Each equation represents a line, and solving a system of linear equations means finding the point(s) at which these lines intersect. These points, if they exist, represent the solution(s) to the system. It's crucial because linear equations are the foundation of many algebraic concepts used in higher mathematics and various applications.

The elimination method is a technique used to solve a system of equations. By manipulating the equations, you aim to eliminate one of the variables, allowing you to solve for the other. Here's how it works in our exercise:

• Start with the two equations: \(3x - 2y = -3\) and \(3x + y = 3\).
• To eliminate \(x\), subtract the second equation from the first: \((3x - 2y) - (3x + y) = -3 - 3\).
• This simplification results in the equation \(-3y = -6\), effectively removing \(x\) from the equation.

The beauty of the elimination method is its ability to simplify complex systems of equations by focusing on one variable at a time, making it easier to find a solution.

The substitution method involves finding the value of one variable in terms of the other and substituting it back into one of the original equations.
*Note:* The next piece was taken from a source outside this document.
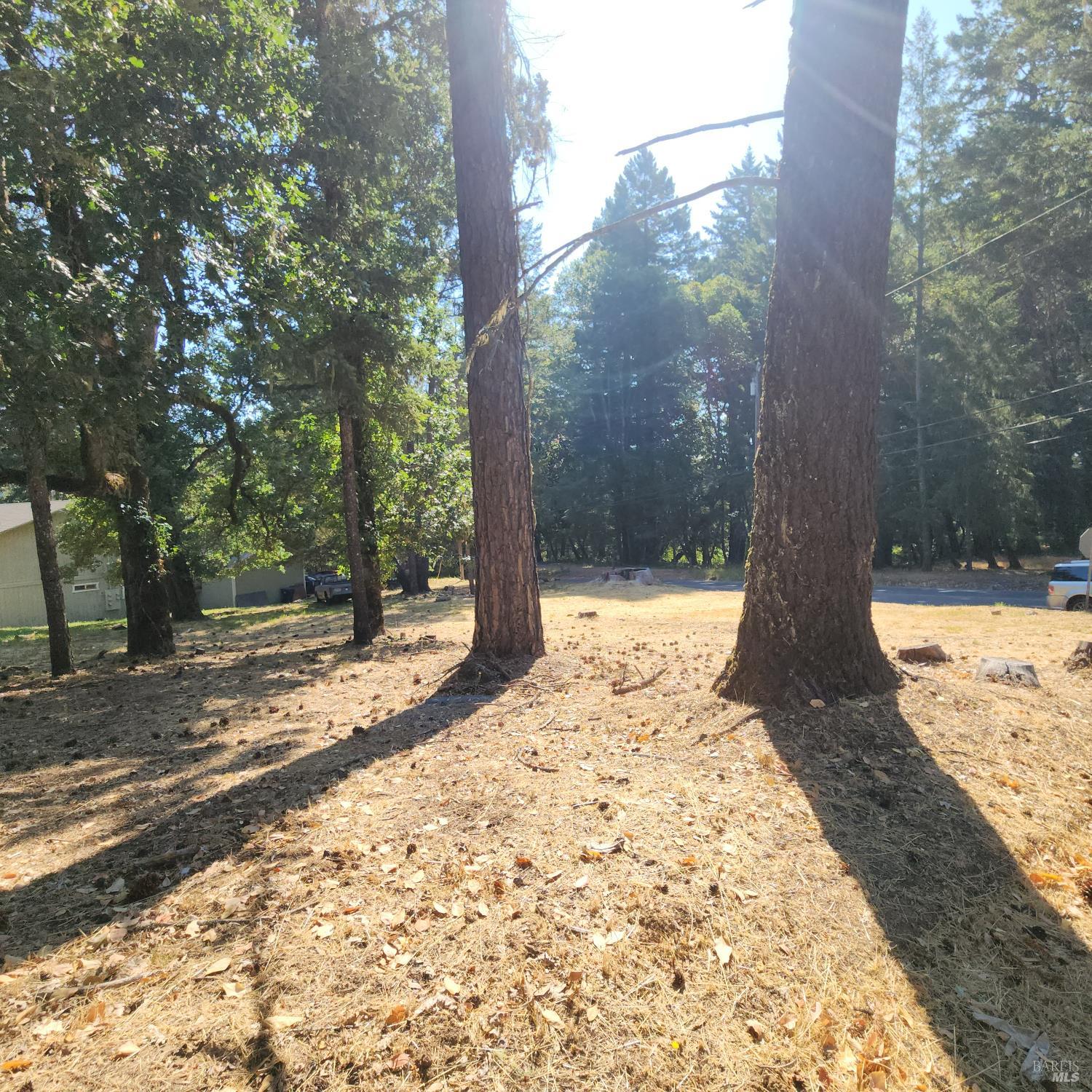 Detail Gallery Image 9 of 10 For 25331 Sherwood Rd, Willits,  CA 95490 - – Beds | – Baths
In this exercise, after determining that \(y = 2\), we use substitution to find \(x\):

• Take the value of \(y\) from the solution we found: \(y = 2\).
• Substitute it into the second equation: \(3x + y = 3\).
• Resulting in: \(3x + 2 = 3\).
• Solve for \(x\) by isolating it: \(3x = 1\), and divide by 3 to find \(x = \frac{1}{3}\).

Substitution is a helpful method particularly when one variable is already isolated or can be easily solved for, making the process straightforward and efficient.

Solution verification is an essential step to ensure the values found for the variables satisfy both original equations. After solving for \(x\) and \(y\), check if these values make the original equations true:

• For equation one: \(3(\frac{1}{3}) - 2(2) = -3\). Calculate: \(1 - 4 = -3\), which holds true.
• For equation two: \(3(\frac{1}{3}) + 2 = 3\). Calculate: \(1 + 2 = 3\), which also holds true.

Both checks confirm that \(x = \frac{1}{3}\) and \(y = 2\) are indeed the correct solutions. Verification ensures accuracy, which is crucial, especially in more complex systems where small errors can propagate.